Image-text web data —
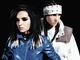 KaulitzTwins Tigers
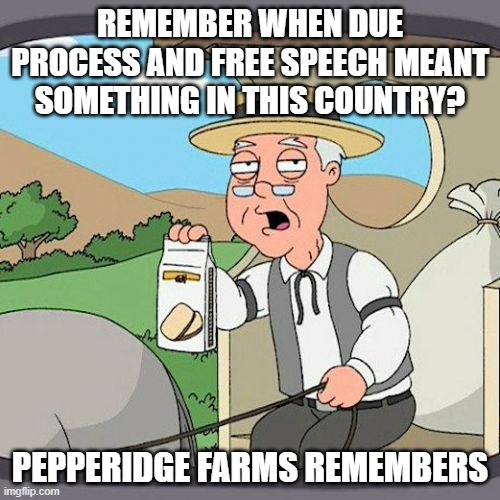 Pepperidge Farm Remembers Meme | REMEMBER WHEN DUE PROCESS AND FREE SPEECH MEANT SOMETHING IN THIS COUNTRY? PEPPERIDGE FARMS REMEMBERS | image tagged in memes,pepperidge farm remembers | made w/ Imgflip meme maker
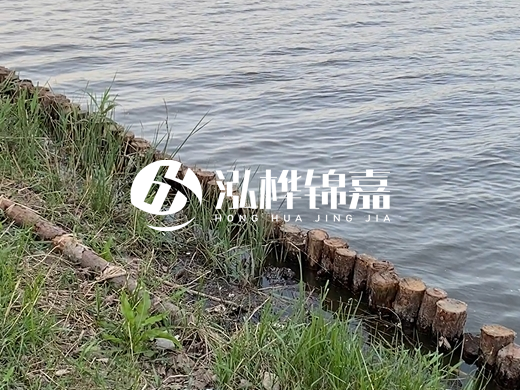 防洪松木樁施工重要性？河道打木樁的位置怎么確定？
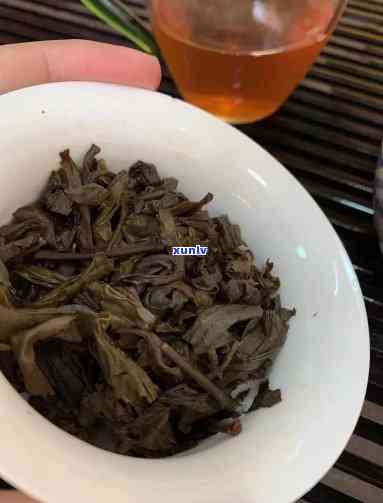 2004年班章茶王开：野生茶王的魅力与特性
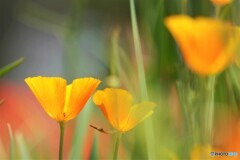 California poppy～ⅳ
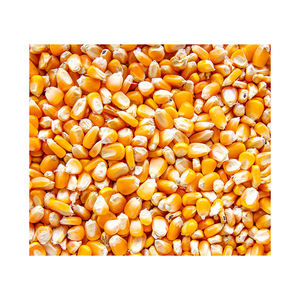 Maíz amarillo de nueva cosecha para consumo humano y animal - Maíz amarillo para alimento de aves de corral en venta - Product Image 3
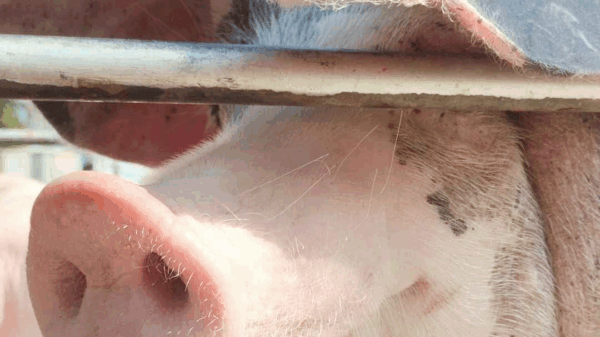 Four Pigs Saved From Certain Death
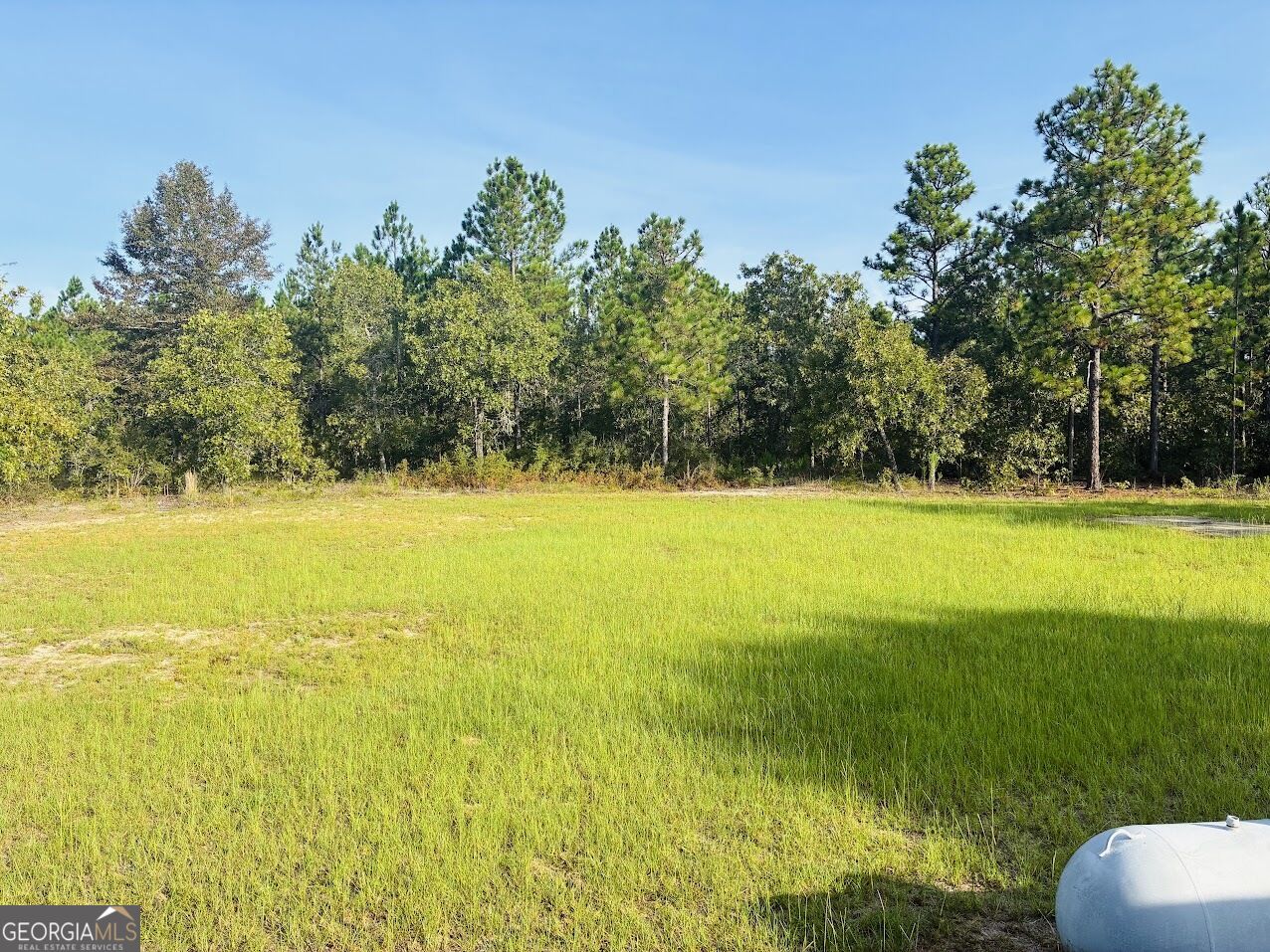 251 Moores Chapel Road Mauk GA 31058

Work required —
Could you output the full set of entries exactly, skipping every picture?

Task result —
 KaulitzTwins Tigers
 Pepperidge Farm Remembers Meme | REMEMBER WHEN DUE PROCESS AND FREE SPEECH MEANT SOMETHING IN THIS COUNTRY? PEPPERIDGE FARMS REMEMBERS | image tagged in memes,pepperidge farm remembers | made w/ Imgflip meme maker
 防洪松木樁施工重要性？河道打木樁的位置怎么確定？
 2004年班章茶王开：野生茶王的魅力与特性
 California poppy～ⅳ
 Maíz amarillo de nueva cosecha para consumo humano y animal - Maíz amarillo para alimento de aves de corral en venta - Product Image 3
 Four Pigs Saved From Certain Death
 251 Moores Chapel Road Mauk GA 31058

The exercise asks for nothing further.